Every new customer conversation follows a familiar arc. It starts with the day-to-day reality of running infrastructure at scale, and ends with a very reasonable question: Can you actually do this in production?
This post walks through that arc, from the operational pain that brings teams to Infrahub, to the architectural and production-readiness questions that follow.
The operational reality
The teams we talk to aren’t browsing for new tools out of curiosity. They’re dealing with real, compounding pressure.
Network inventory is scattered across spreadsheets, legacy CMDBs, Slack threads, and tribal knowledge. Nobody fully trusts the data. Automation exists, but it’s brittle. Scripts break when the underlying data drifts, and engineers spend more time fixing automation than using it. Every change carries production risk, and the review processes meant to catch problems are informal, inconsistent, or missing.

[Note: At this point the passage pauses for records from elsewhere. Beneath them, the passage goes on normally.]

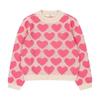 Пуловер Hazzys Kids Big Heart Huw12kr54m Pk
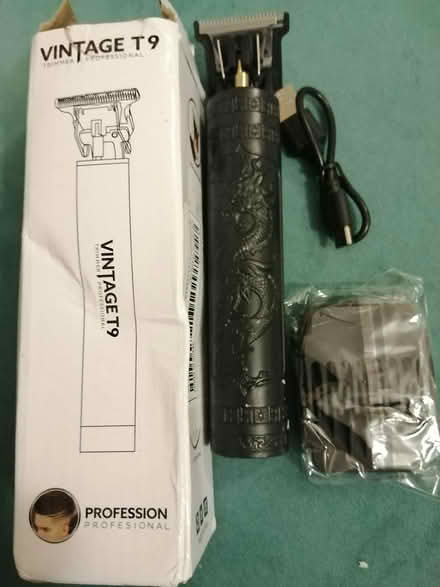 Photo of free Vintage 19 hair trimmer unused (Worcester) #1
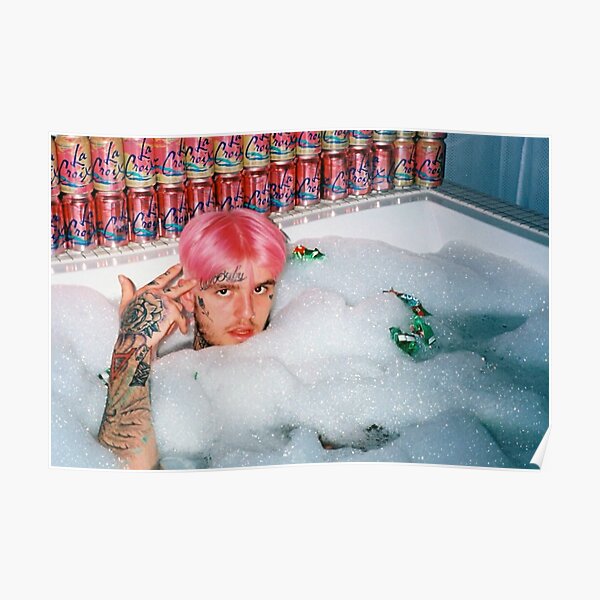 Peep Bath Art Poster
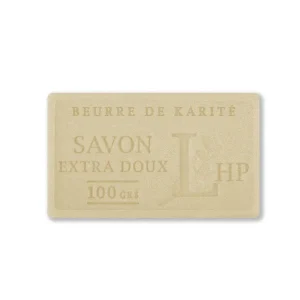 Savon naturel extra doux beurre de karité 100 grs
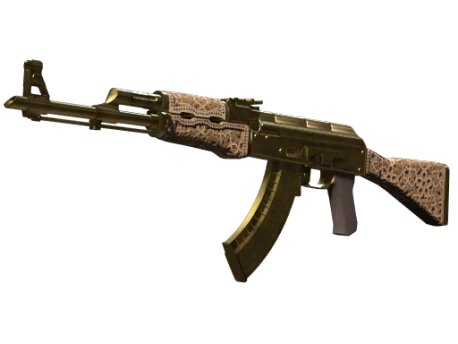 Souvenir AK-47 | Gold Arabesque (Field-Tested) (После полевых испытаний)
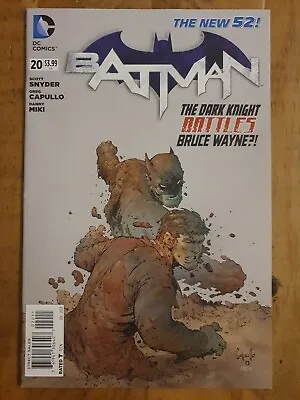 Buy Batman #20 - The New 52 - DC Comics 2013 • 3.95£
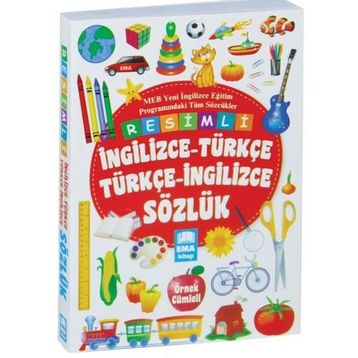 RESIMLI İNGILIZCE SÖZLÜK - İSMAIL KARA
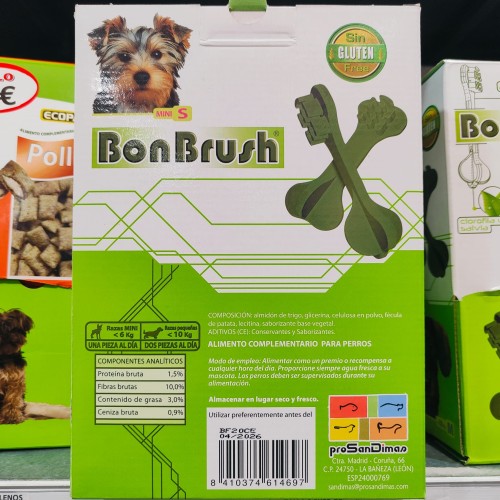 Paquete Bonbrush Dental 3x8 Gr. X 40 Bolsas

Meanwhile, the business expects network resources on demand: VLANs, IPs, firewall rules, new services. Ticket queues are no longer acceptable. Device counts and service complexity keep growing, but team sizes stay flat. The gap between what teams manage and how they manage it widens every quarter.
This isn’t an automation problem. It’s a data problem. CMDBs weren’t built for automation. Git repos with YAML files can’t model real infrastructure relationships. Custom in-house builds fit perfectly…until the author leaves and the whole thing becomes unmaintainable.

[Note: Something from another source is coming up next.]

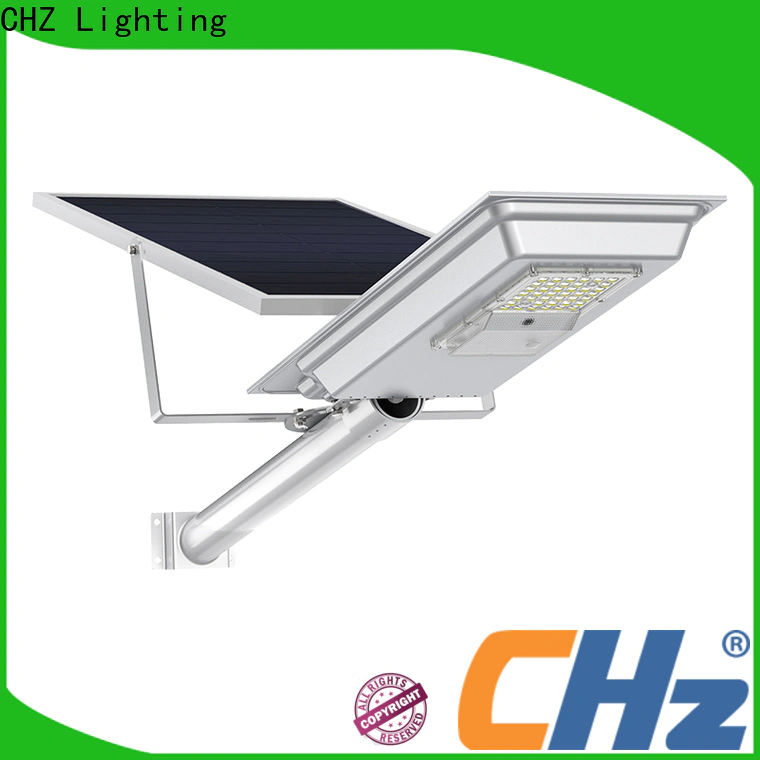 CHZ Lighting 100w solar street light factory price for streets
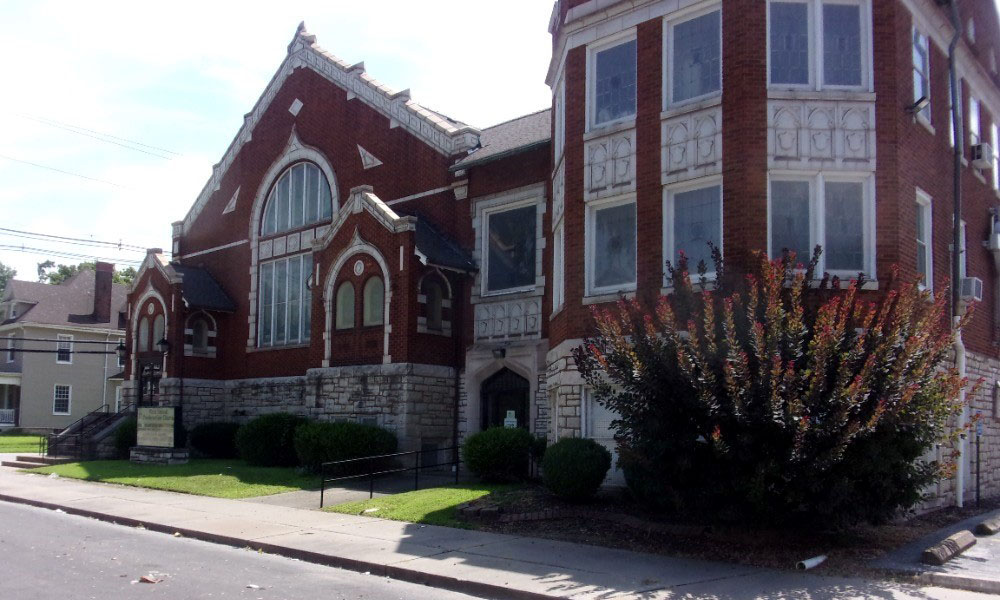 Church Building at First United Presbyterian Church in Granite City, IL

Teams need a platform that combines a trusted data foundation, DevOps-grade change workflows, and the flexibility to model infrastructure the way it actually works. That’s what Infrahub is.
What Infrahub changes
Infrahub is a unified data management platform with built-in version control, purpose-built for infrastructure automation. It gives teams a trusted, schema-enforced source of truth with graph-native relationships; branch-based proposed changes with peer review, CI validation, and full audit trails; Generators that turn trusted data into configs, cable plans, and deployment artefacts; and a GraphQL API and integration layer that connects to any orchestration or deployment tool in your stack.
The result is a shift in operating model: from fragmented data and manual process to trusted, validated, repeatable delivery. One European service provider reduced service deployment time from 120 hours to under 15 minutes after moving to schema-driven automation with Infrahub. Another enterprise expanded from one to five data centres, managing multi-vendor deployments through a single trusted data platform.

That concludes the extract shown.